Exercise brief: A verbatim reproduction of the following listing is required; omit the pictures.

Data provided:
***

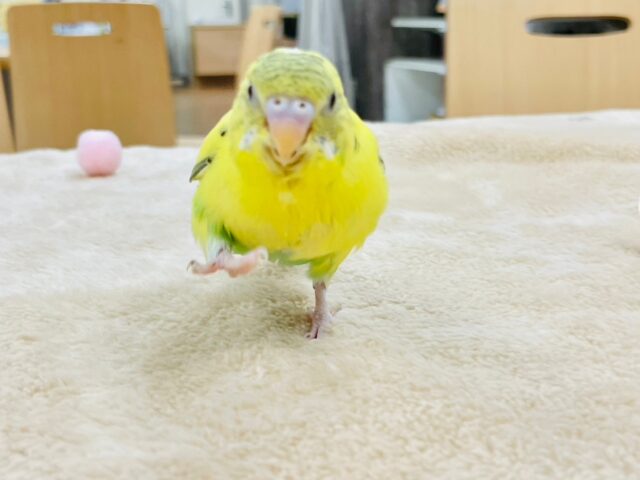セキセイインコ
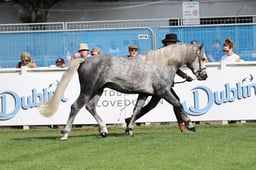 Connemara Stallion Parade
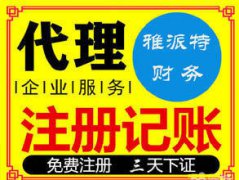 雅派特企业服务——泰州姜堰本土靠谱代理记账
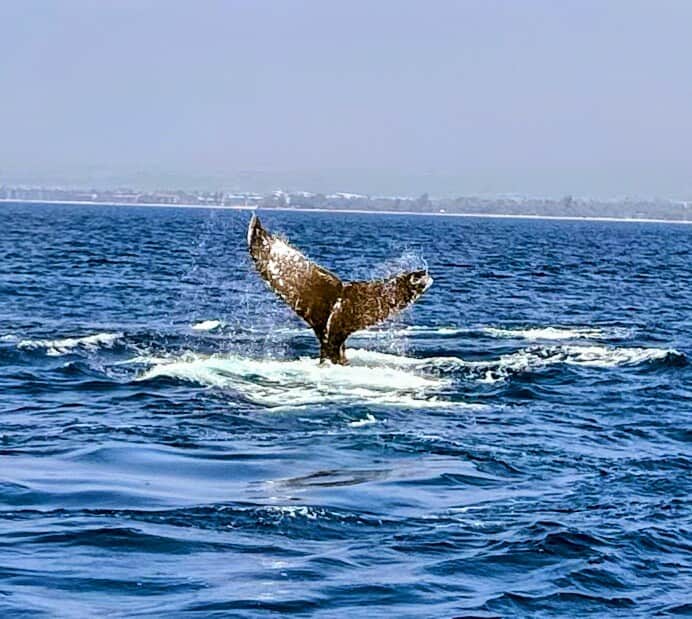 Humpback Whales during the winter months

***

Response to this exercise:
セキセイインコ
 Connemara Stallion Parade
 雅派特企业服务——泰州姜堰本土靠谱代理记账
 Humpback Whales during the winter months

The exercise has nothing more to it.